MateCat users get a good feeling of this while translating. At the bottom of the screen they see stats on how much they are translating per hour. That is, how much money they are making.
Stats on time-to-edit is not the most interesting data that we collect from MateCat. Post-editing effort is a much more fascinating performance indicator. We used to collect it even before MateCat, even though it wasn’t as easy as today.
Post-editing effort represents the number of edits translators need to make on any given match from the translation memory (TM) or suggestions from the MT. It is a key indicator used to measure the quality of the aid provided to the translator and, in the end, how useful translation memories and machine translation actually are.
Back in 2008, the average post-editing effort, measured across different language pairs and domains, was around 45%. Nowadays, it has gone down to approximately 27%.
While this progression may seem impressive, it takes on an entirely different light if we consider one more factor: the post-editing effort of professional translators editing 100% matches from translation memories, i.e. human translations, is 11%.
Of course, when editing 100% matches, translators tend to make stylistic improvements to the translation. On the other hand, when editing machine translation, it’s more likely that they are editing actual errors (e.g. terminology issues). However, having an average post-editing effort for MT suggestions of 11% can be seen as the point where we’re getting human-like artificial translations.
Over the past 10 years, post-editing effort has been decreasing by around 2% yearly.
Since the beginning of the century, the most widely used technology for machine translation has been Phrase-Based MT. Over the past couple of years, however, the sector has seen the emergence of two approaches that promise much faster improvements: Adaptive Machine Translation and Neural Machine Translation.

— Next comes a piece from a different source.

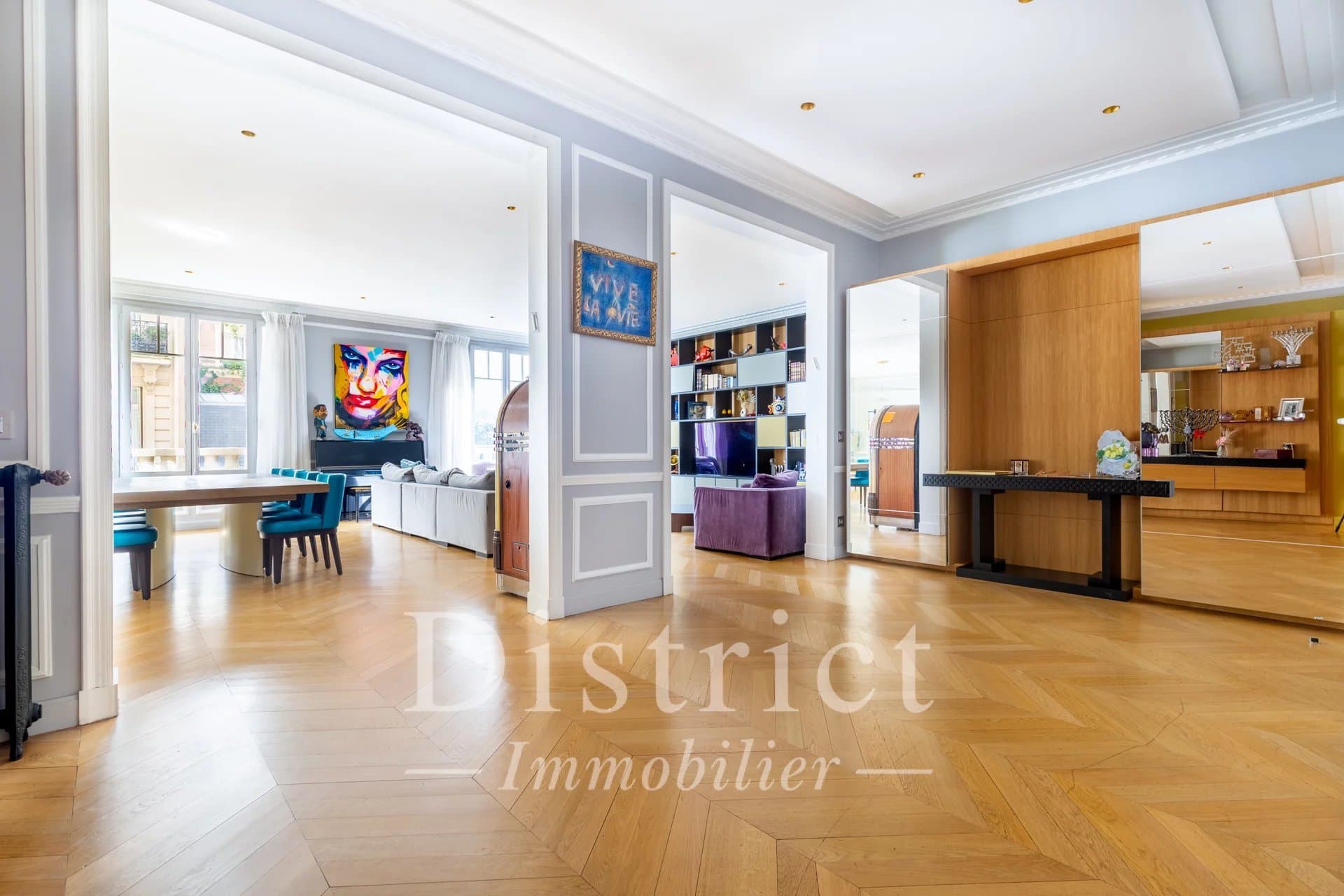 Triangle d'Or - Place François 1er/Montaigne. Un appartement d'exception de 284,14m² en excellent état, plein Sud et avec de très beaux volumes! Parking.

Adaptive MT improves on the phrase-based model thanks to the ability to also adapt on-the-fly to the job being translated. You upload a translation memory to the MT engine and the system adapts immediately to the type of content you are translating. As you go on with the translation, the MT engine learns from your corrections and adapts to your style and terminology.
Neural Machine Translation uses deep learning and neural networks that emulate the workings of the human brain to let the machine learn how to translate effectively. Neural MT promises to revolutionise the field of machine translation and even though it’s been around for just three years (the first scientific papers on the subject have been published in 2014) it is already showing great potential.

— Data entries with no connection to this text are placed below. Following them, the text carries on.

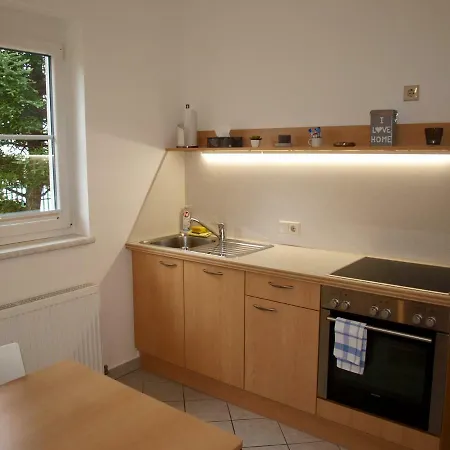 Appartement Charmantes Mit Terrasse Zum Garten Nahe Wien Gumpoldskirchen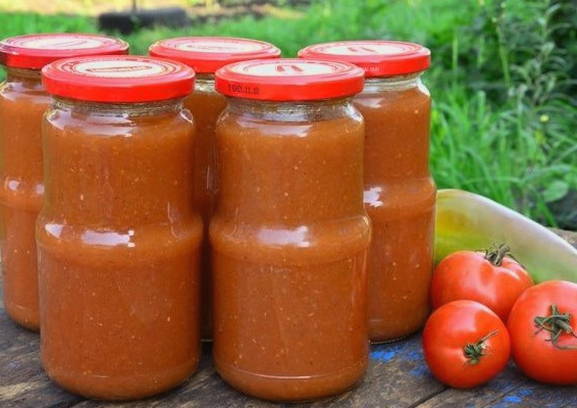 Sốt cà chua và táo cho mùa đông
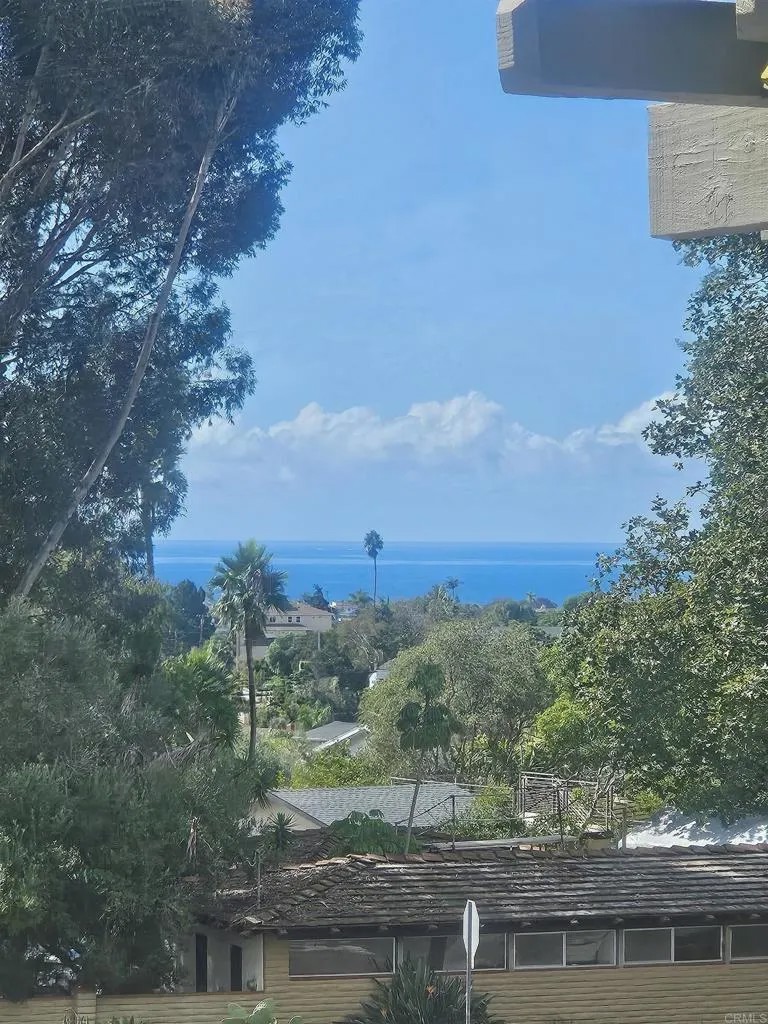 2195 Basswood Avenue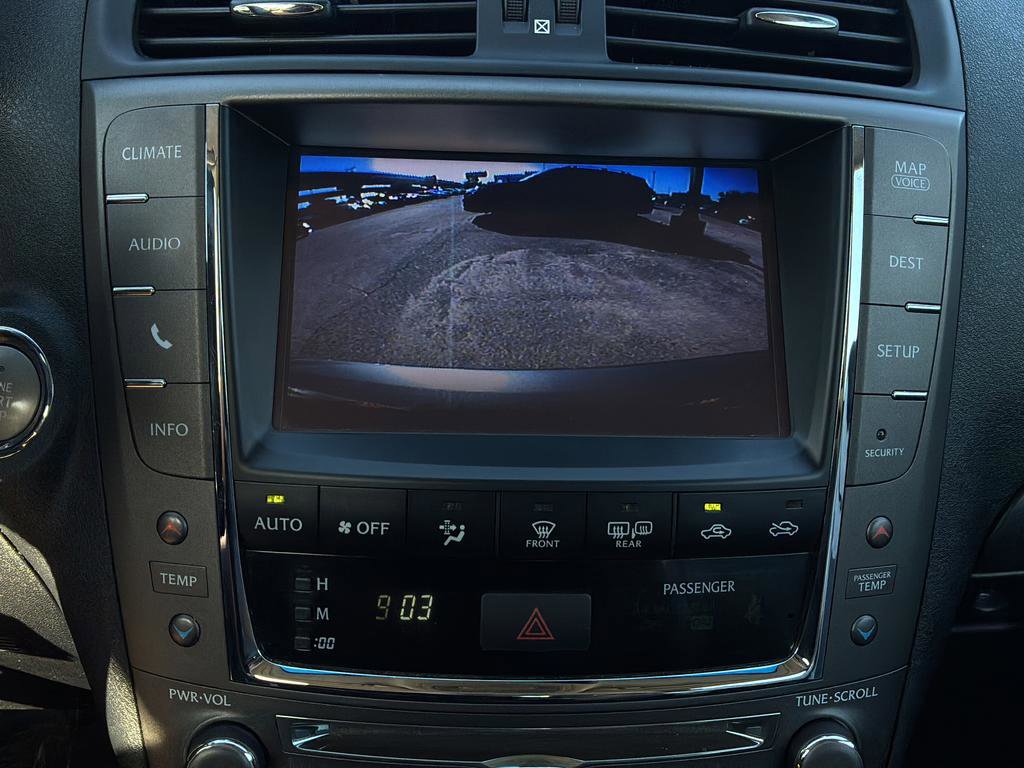 Used 2014 Lexus IS 250C w/ Luxury Package RWD image 22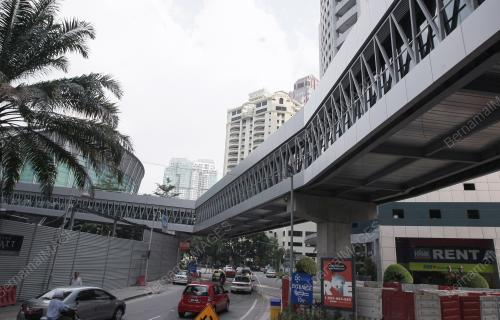 KL35_07022011_LALUAN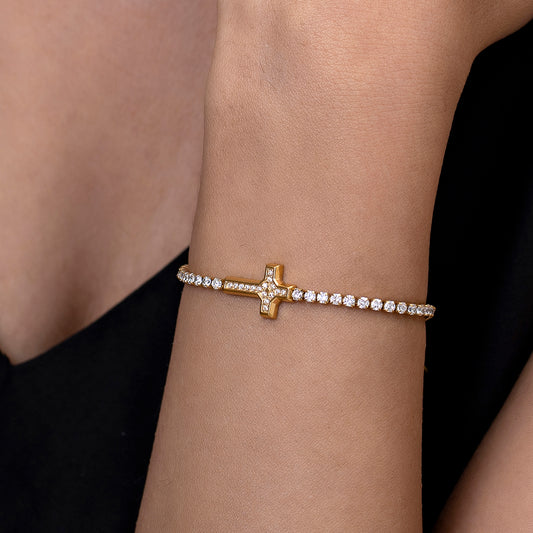 Sphere&Style Cross Bracelet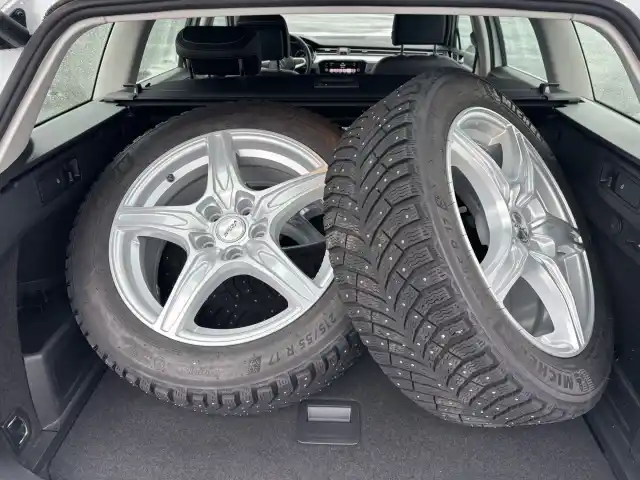 Valkoinen Farmari, Volkswagen Passat – KVE-997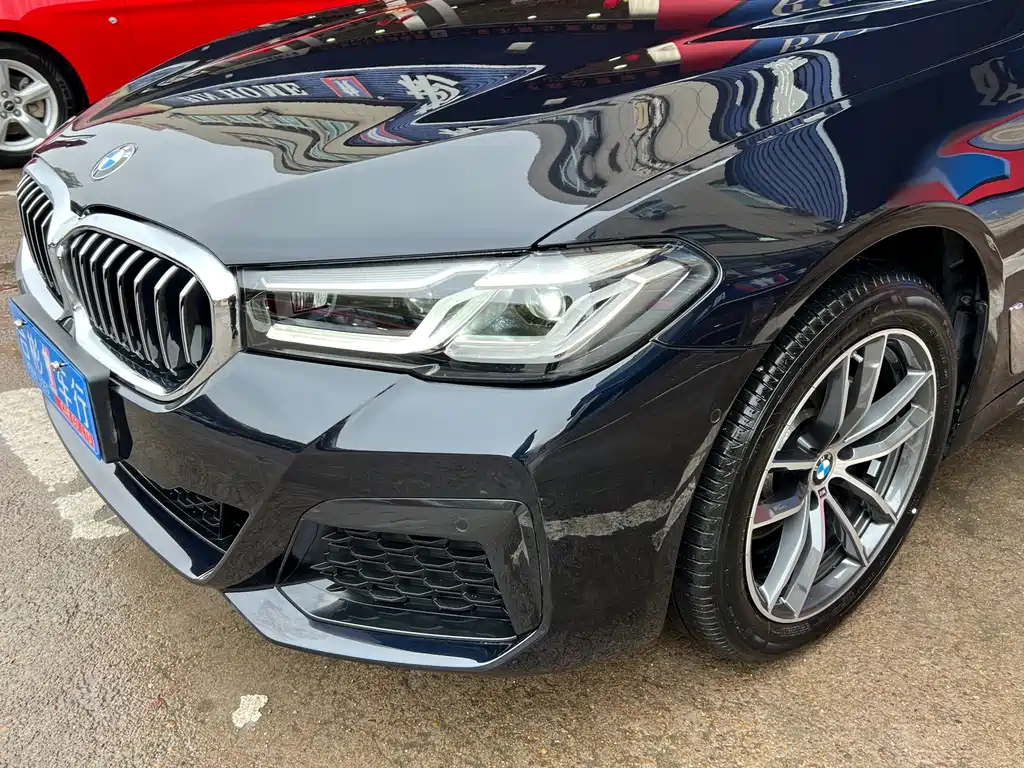 BMW 5 Series 2022 — фото 19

What effects these new techniques will have on the post-editing effort is still to be seen. However, it is probable that machine translation will continue progressing and post-editing effort decreasing at a much faster pace than we’ve seen so far.

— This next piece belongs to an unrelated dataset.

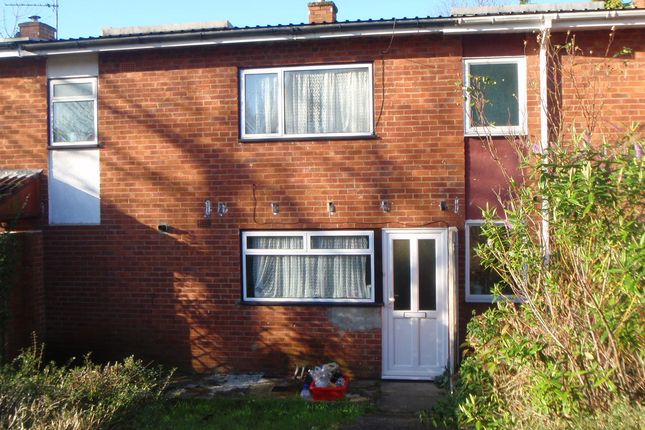 Thumbnail Terraced house to rent in Broom Close, Hatfield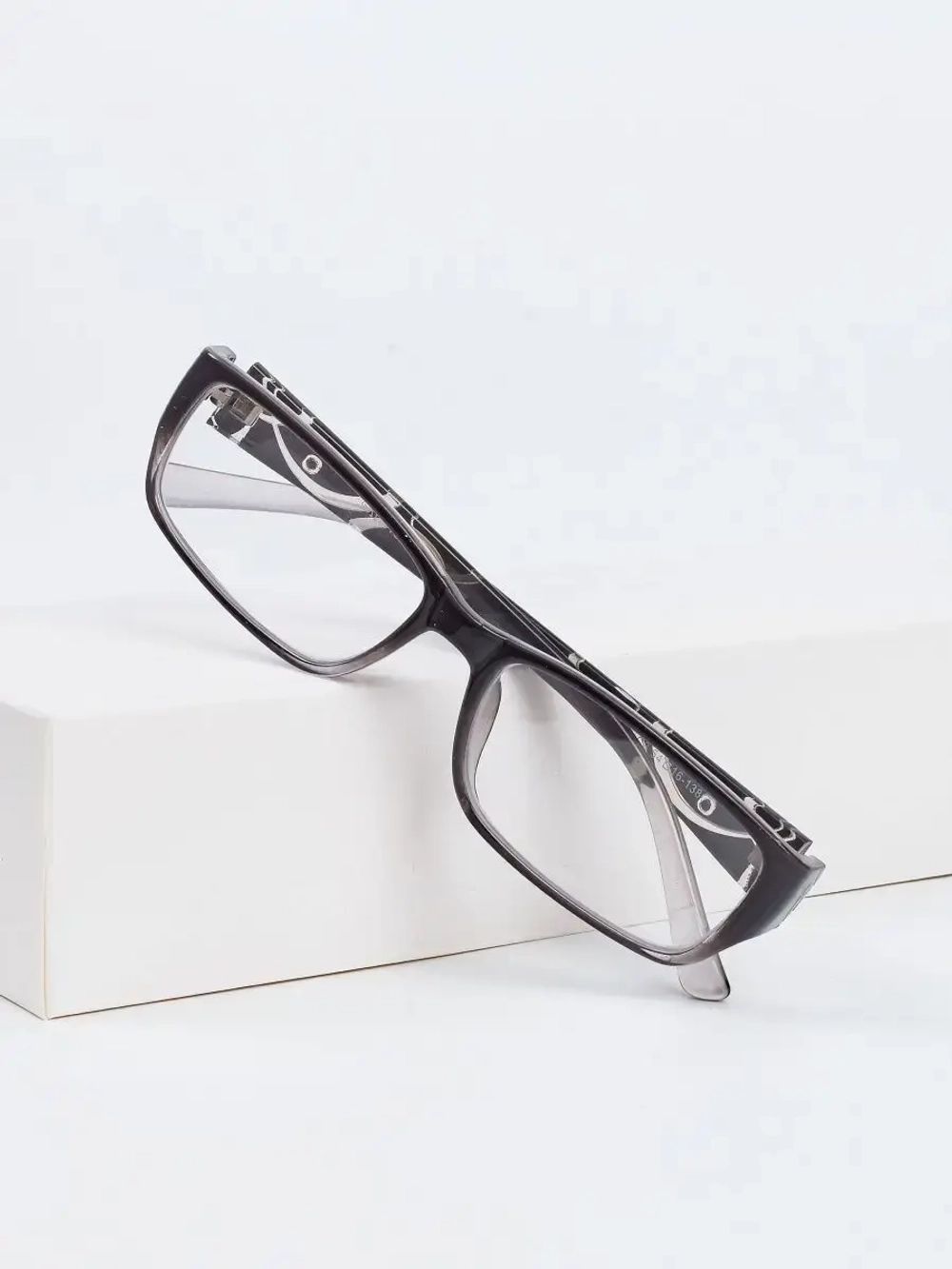 Очки корригирующие /женские/-4,00/РЦ 62-64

Game over. Thank you for playing.
Will this mean game over for the translation industry as we know it? Unlikely.
That 11% goal is attainable in what will probably feel like a very short time. It will not, however, impact on all languages and domains. And even if it does, what type of edits will it require? We’re only measuring productivity and not linguistic quality or translation accuracy with this method.
Nevertheless, machine translation is significantly changing the way we do business in the translation industry. Very likely, many companies and freelance translators will go belly up in this brave new world.
However, for those that adapt and master these new technologies there is a world of opportunities out there. New markets, new services, new clients. There’s very little to gain for the luddites. For all the others, these are exciting times to be providing language services.
* Arle R. Lommel and Donald A. DePalma, Post-Editing Goes Mainstream, Common Sense Advisory, June 2016.